» **The task**
Beginning with the line where "Megint kiderült, hogy" appears, restate each line word for word until the data ends. Pictures do not go in.

» **Data to process**
=-=-=-=-=

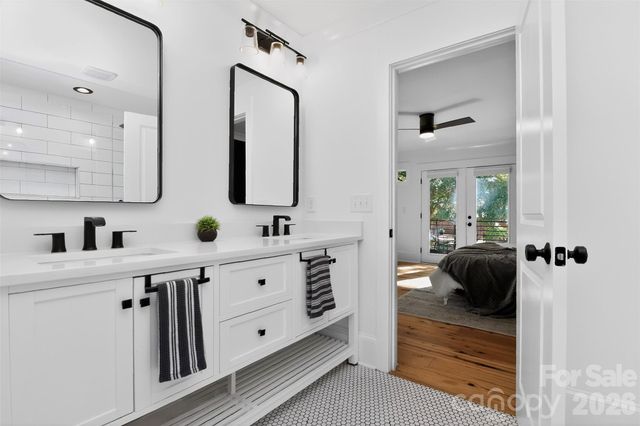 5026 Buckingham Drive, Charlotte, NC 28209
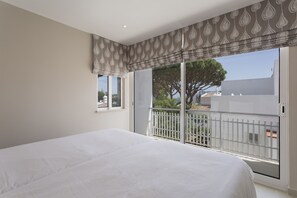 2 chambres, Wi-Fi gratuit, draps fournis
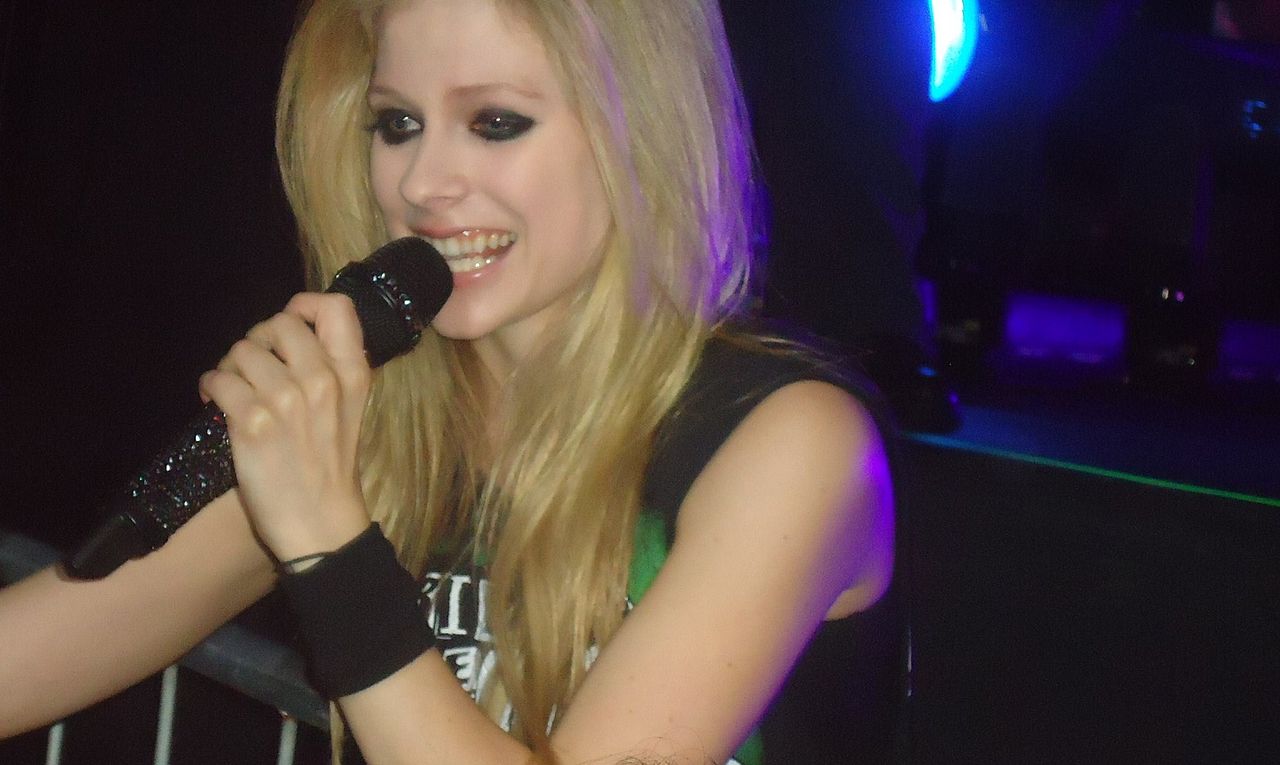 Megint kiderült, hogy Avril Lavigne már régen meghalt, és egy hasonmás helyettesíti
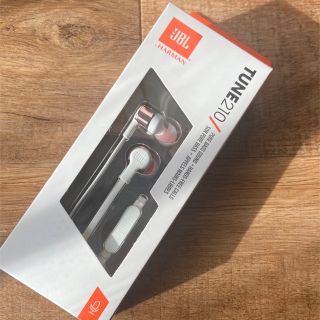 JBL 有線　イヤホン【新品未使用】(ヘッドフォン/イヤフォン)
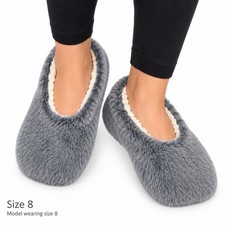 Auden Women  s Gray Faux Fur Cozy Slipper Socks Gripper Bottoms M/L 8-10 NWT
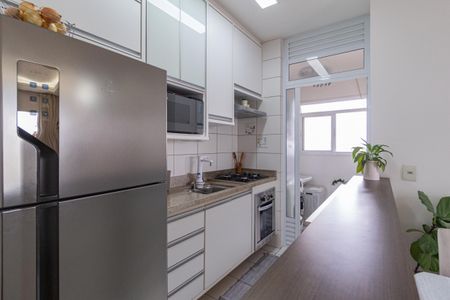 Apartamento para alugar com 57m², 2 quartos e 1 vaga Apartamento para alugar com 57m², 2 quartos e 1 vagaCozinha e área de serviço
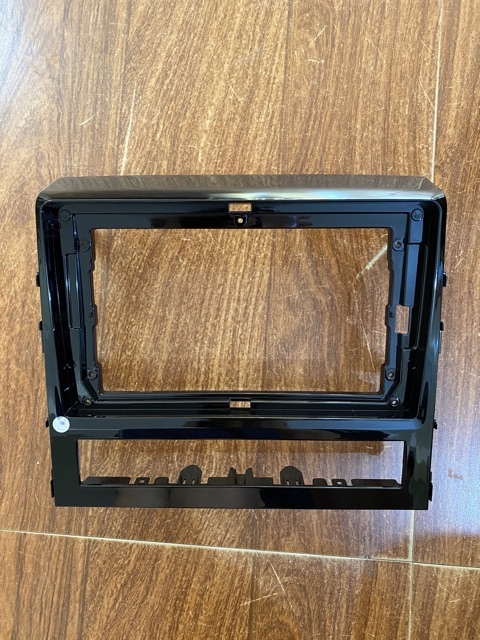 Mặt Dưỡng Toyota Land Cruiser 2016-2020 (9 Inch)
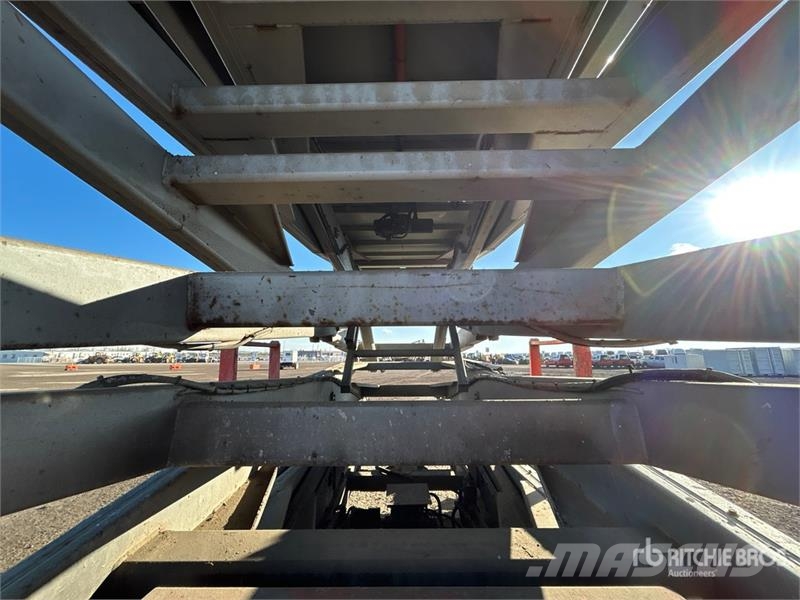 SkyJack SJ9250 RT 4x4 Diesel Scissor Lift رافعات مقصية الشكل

=-=-=-=-=

» **Solution to this exercise**
 Megint kiderült, hogy Avril Lavigne már régen meghalt, és egy hasonmás helyettesíti
 JBL 有線　イヤホン【新品未使用】(ヘッドフォン/イヤフォン)
 Auden Women  s Gray Faux Fur Cozy Slipper Socks Gripper Bottoms M/L 8-10 NWT
 Apartamento para alugar com 57m², 2 quartos e 1 vaga Apartamento para alugar com 57m², 2 quartos e 1 vagaCozinha e área de serviço
 Mặt Dưỡng Toyota Land Cruiser 2016-2020 (9 Inch)
 SkyJack SJ9250 RT 4x4 Diesel Scissor Lift رافعات مقصية الشكل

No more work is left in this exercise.